FIG. 3 shows a spatial view of half-cylinder-shaped shielding part 7. The width b of recess 11 corresponds to the dimension of the front side of outer yoke 6 along an axis perpendicular to the plane of the drawing of FIGS. 1 and 2. Optionally, recess 11 extends over the entire height of half-cylinder-shaped shielding part 7. Preferably, the dimension of recess 13 along the axis perpendicular to the drawing plane of FIG. 1 or 2 corresponds to the width of recess 11 in the lateral surface of half-cylinder-shaped shielding part 7 in FIG. 3. The aforementioned designs apply analogously to the half-cylinder-shaped shielding part 8 and recesses 12 and 14.

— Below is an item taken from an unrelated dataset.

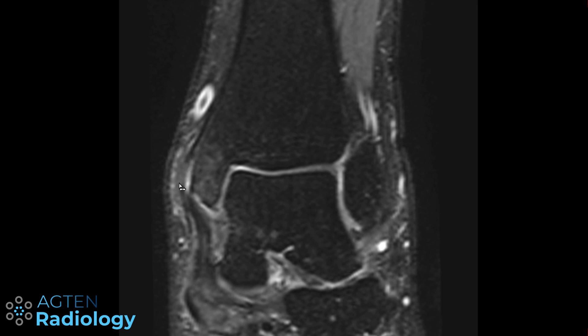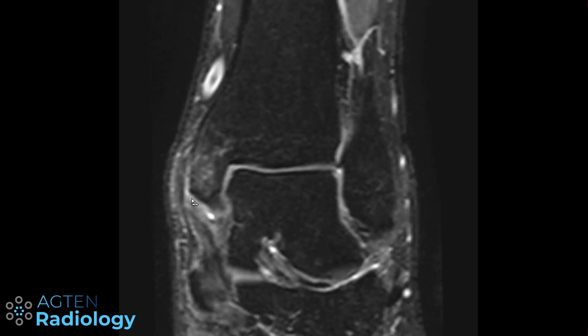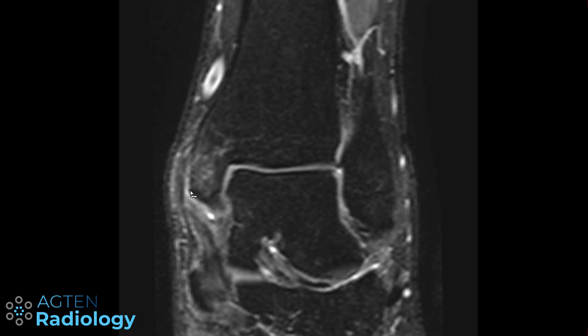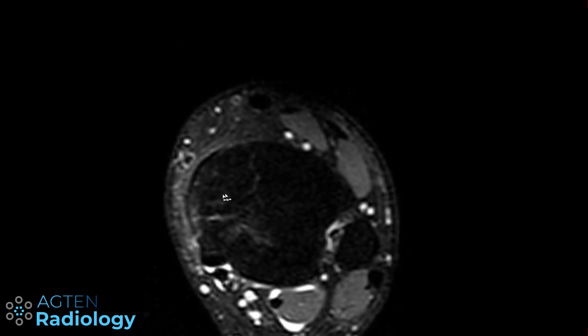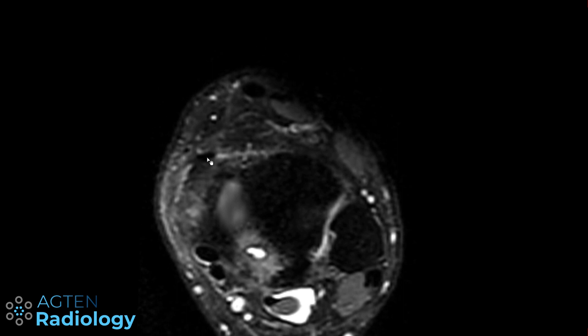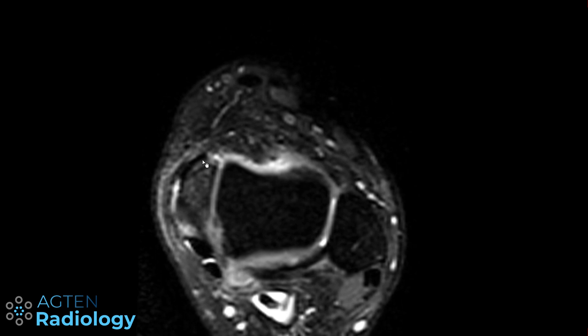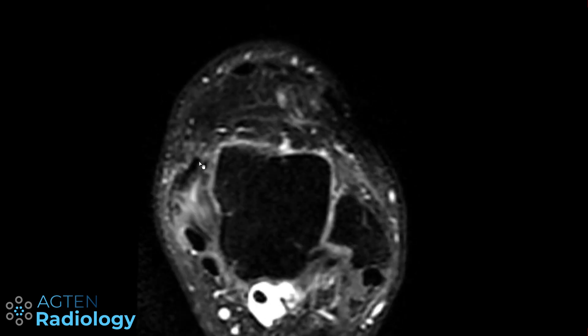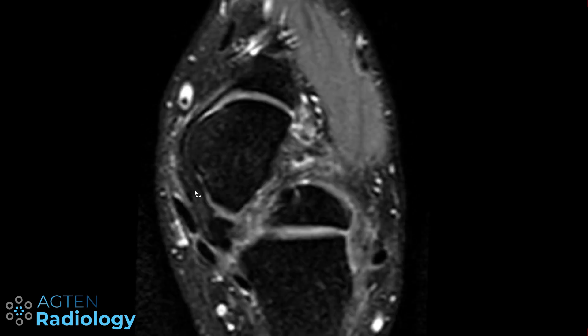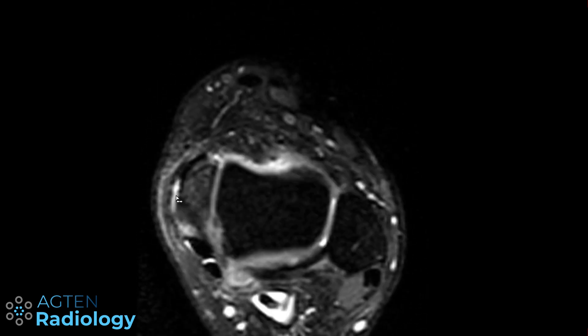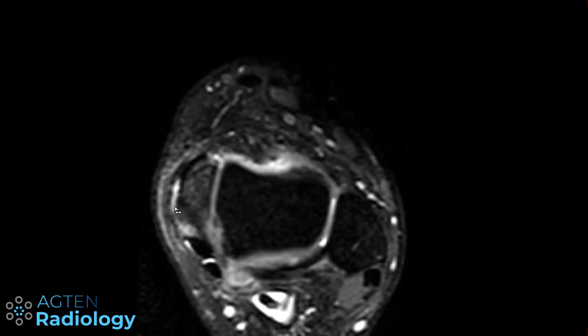The periost should be attached here and these ligaments should attach here — not going up like this. On the transverse section you can see the fluid here, the ligament still inserting onto the bone at the most anterior portion — probably part of the tibionavicular ligament — and then also a portion of the tibial spring ligament. The periosteum is stripped off together with the flexor retinaculum and we have fluid in between.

The invention being thus described, it will be obvious that the same may be varied in many ways. Such variations are not to be regarded as a departure from the spirit and scope of the invention, and all such modifications as would be obvious to one skilled in the art are to be included within the scope of the following claims.

Claims

1. A lead shielding for a betatron in an x-ray generator, the lead shielding comprising:

at least four shielding parts, of which two parts are formed in a shape of half cylinders and are provided with recesses in their lateral surfaces, the half-cylinder-shaped shielding parts with their lateral surfaces being arranged in corresponding recesses of the other shielding parts so that the recesses in the lateral surfaces form air passages between the half-cylinder-shaped shielding parts and the other shielding parts.

2. The lead shielding according to claim 1, wherein the half-cylinder-shaped shielding parts are formed and arranged rotationally symmetric to one another with respect to their cross section.

3. The lead shielding according to claim 1, further comprising air passages in at least two of the other shielding parts, the air passages configured to connect the recesses in the lateral surfaces of the half-cylinder-shaped shielding parts with the surrounding area.

4. The lead shielding according to claim 1, wherein the half-cylinder-shaped shielding parts lie with their cut surfaces on opposing front sides of an outer yoke of the betatron.

5. The lead shielding according to claim 4, wherein the cut surfaces of the half-cylinder-shaped shielding parts are at least as large as the front sides of the outer yoke.

6. An x-ray inspection system for security inspection of objects, comprising:

a target to produce x-radiation;

an x-ray detector;

an evaluation unit; and

a betatron with lead shielding, the lead shielding comprising at least four shielding parts, of which two parts are formed in a shape of half cylinders and are provided with recesses in their lateral surfaces, the half-cylinder-shaped shielding parts with their lateral surfaces being arranged in corresponding recesses of the other shielding parts so that the recesses in the lateral surfaces form air passages between the half-cylinder-shaped shielding parts and the other shielding parts.